[Collected material]

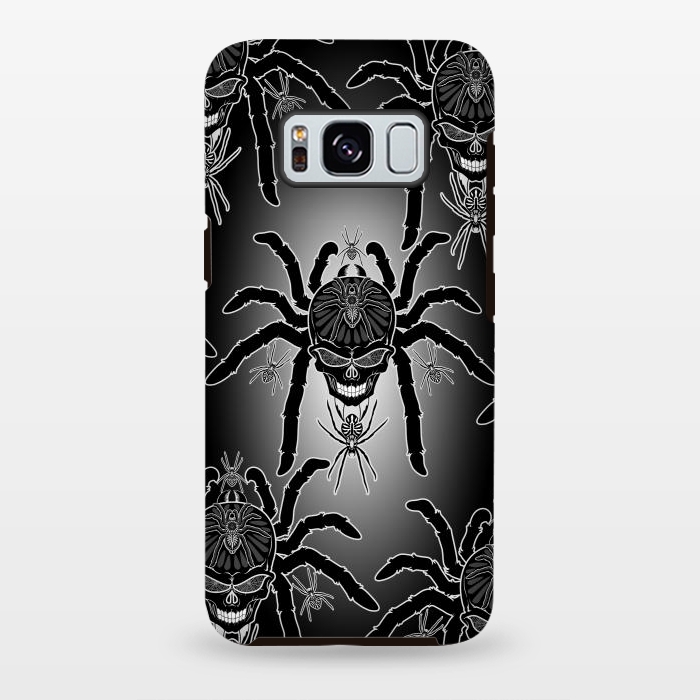 Galaxy S8 plus StrongFit Spider Skull Tattoo Black and Whi by BluedarkArt
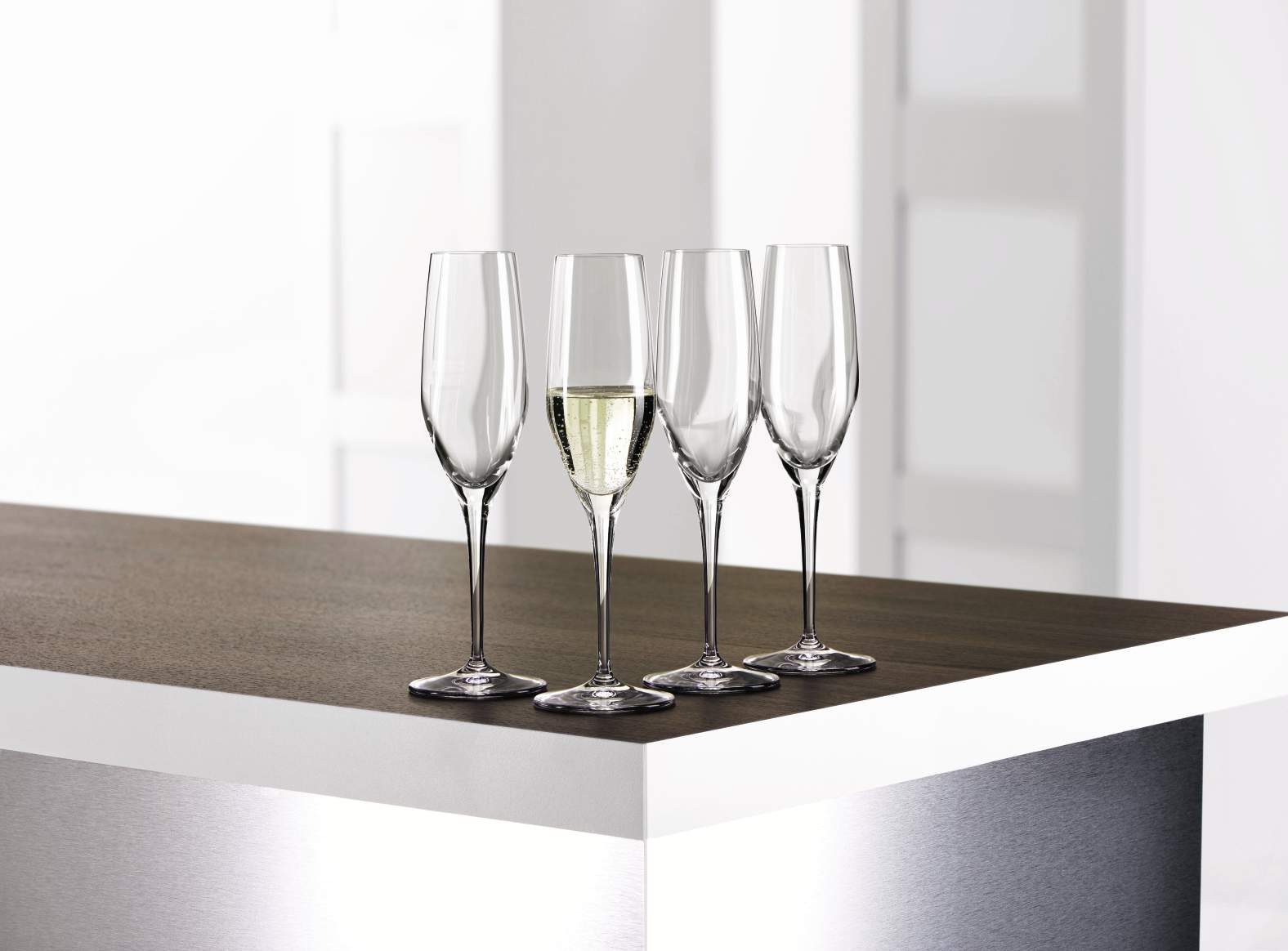 SPIEGELAU Glas Authentis Champagner Flöte, 4-tlg., Kristallglas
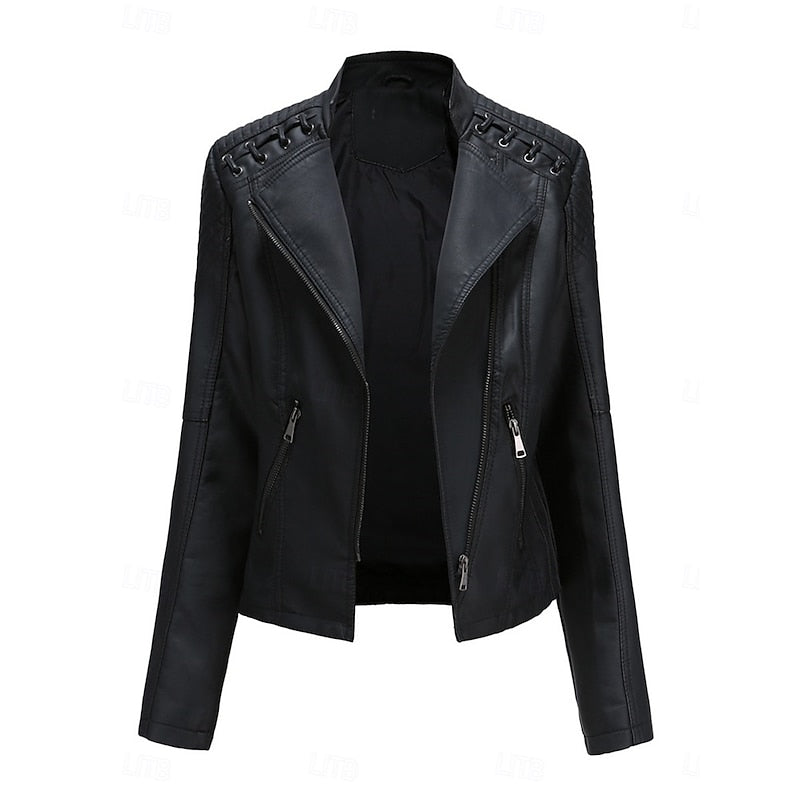 Women's Sleek Tailored Biker Jacket - Black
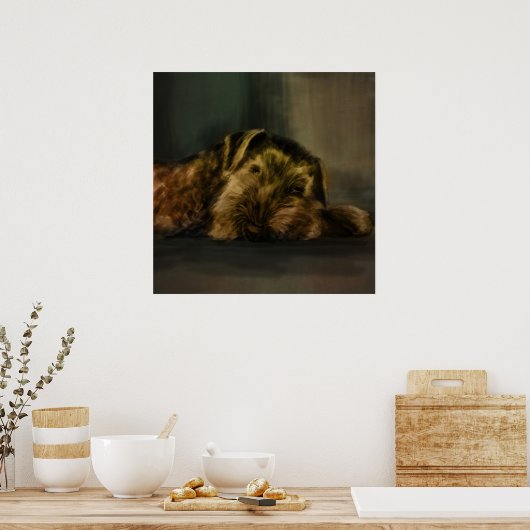 Gemengde media Airedale Terrier Poster (Keuken)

[/Collected material]

> [Description of the task] Retype the listing exactly. Leave the pictures out.

> [Result for this exercise]
 Galaxy S8 plus StrongFit Spider Skull Tattoo Black and Whi by BluedarkArt
 SPIEGELAU Glas Authentis Champagner Flöte, 4-tlg., Kristallglas
 Women's Sleek Tailored Biker Jacket - Black
 Gemengde media Airedale Terrier Poster (Keuken)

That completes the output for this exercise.